→ Exercise requirements:
When you reach the line that contains "LEERDAMMER LIGHT LIFE FELII 100G", please begin copying, and carry on exactly to the last line of the material, leaving out every picture.

→ Data excerpts:
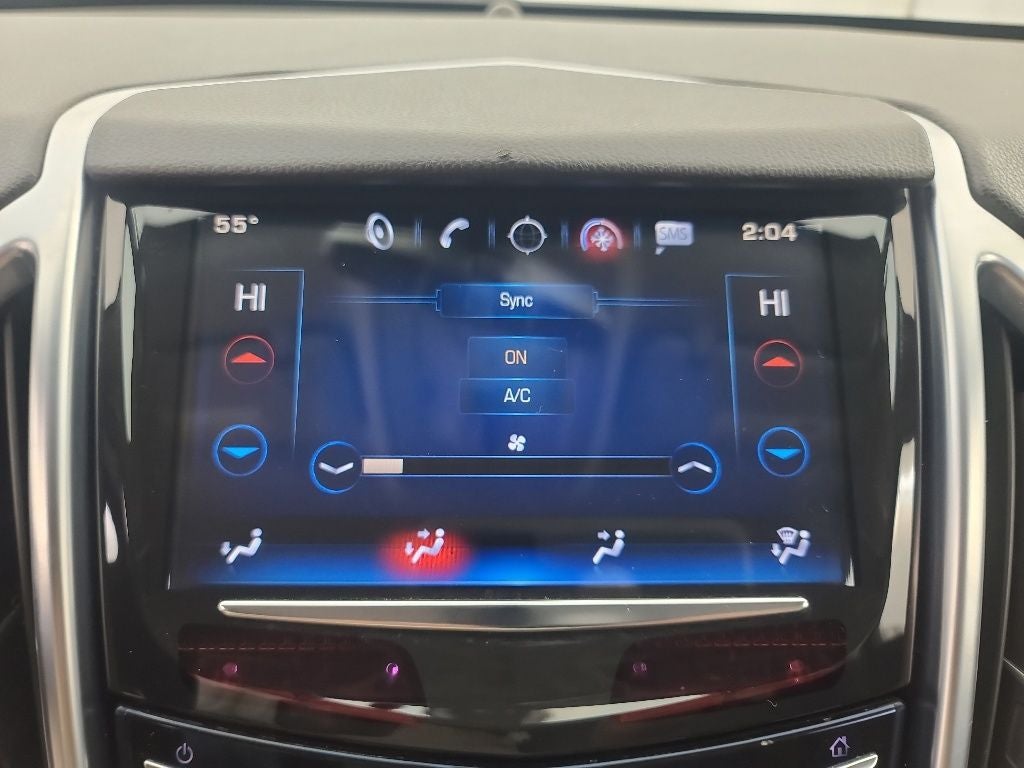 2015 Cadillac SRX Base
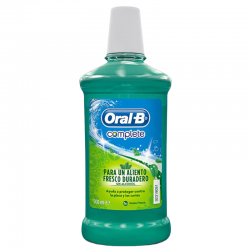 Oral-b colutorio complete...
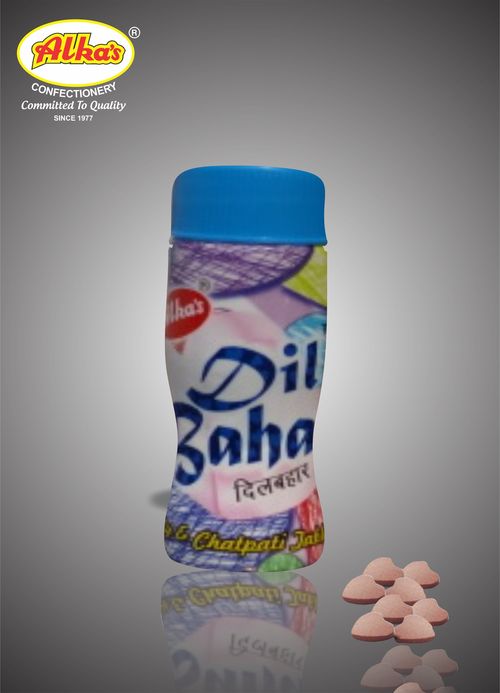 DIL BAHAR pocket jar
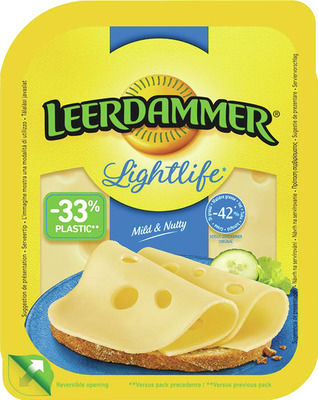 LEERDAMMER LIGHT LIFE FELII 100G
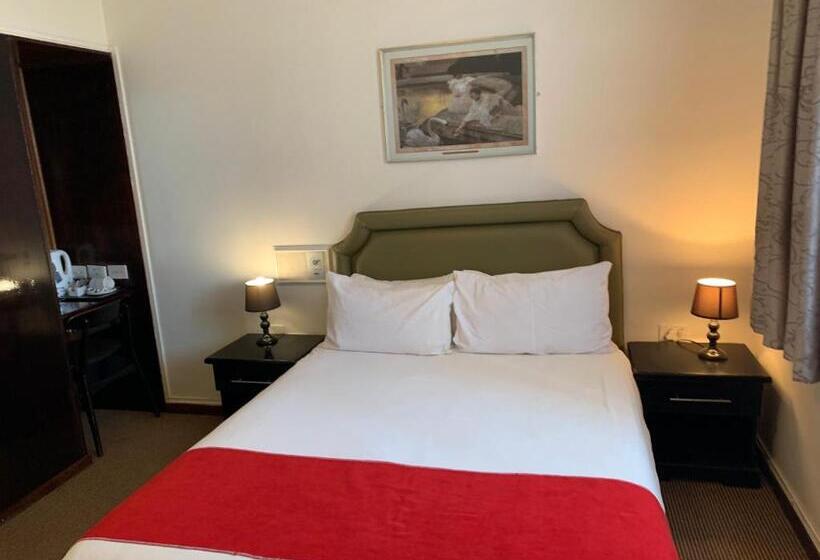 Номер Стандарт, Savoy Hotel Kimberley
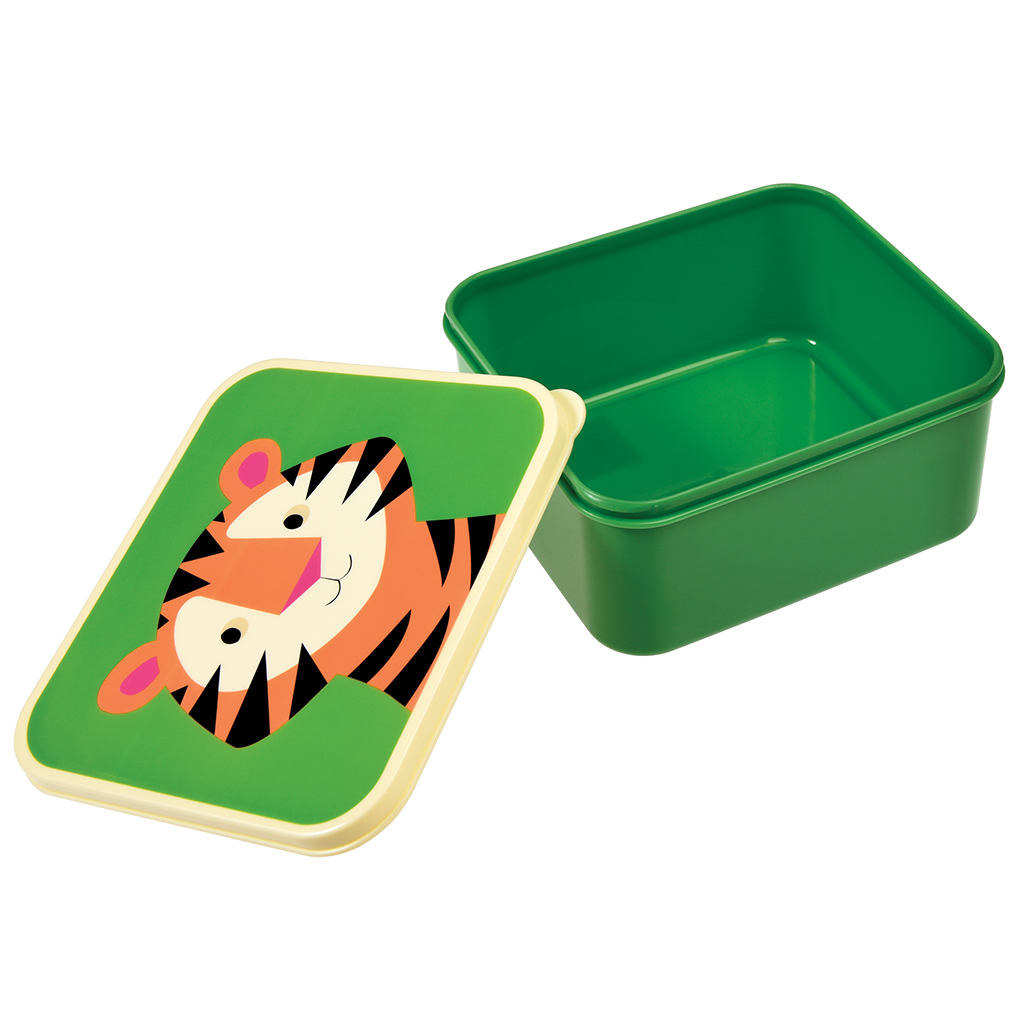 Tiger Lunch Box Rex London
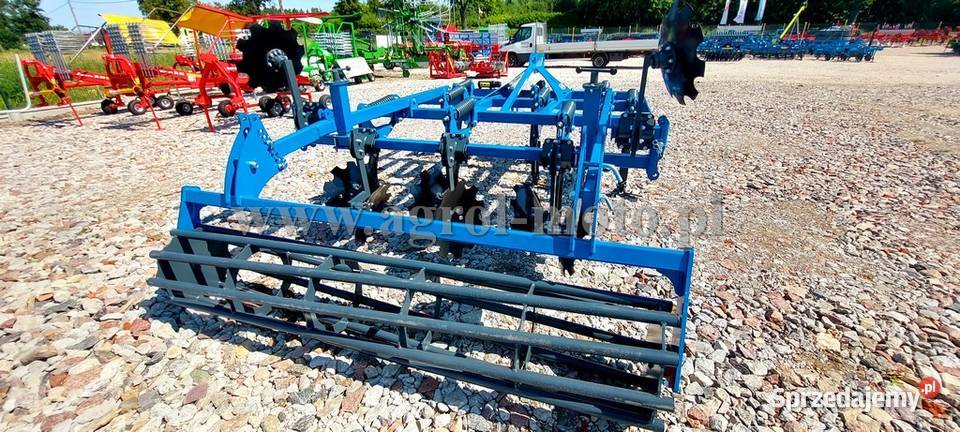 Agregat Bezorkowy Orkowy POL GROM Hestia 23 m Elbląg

→ Exercise output:
 LEERDAMMER LIGHT LIFE FELII 100G
 Номер Стандарт, Savoy Hotel Kimberley
 Tiger Lunch Box Rex London
 Agregat Bezorkowy Orkowy POL GROM Hestia 23 m Elbląg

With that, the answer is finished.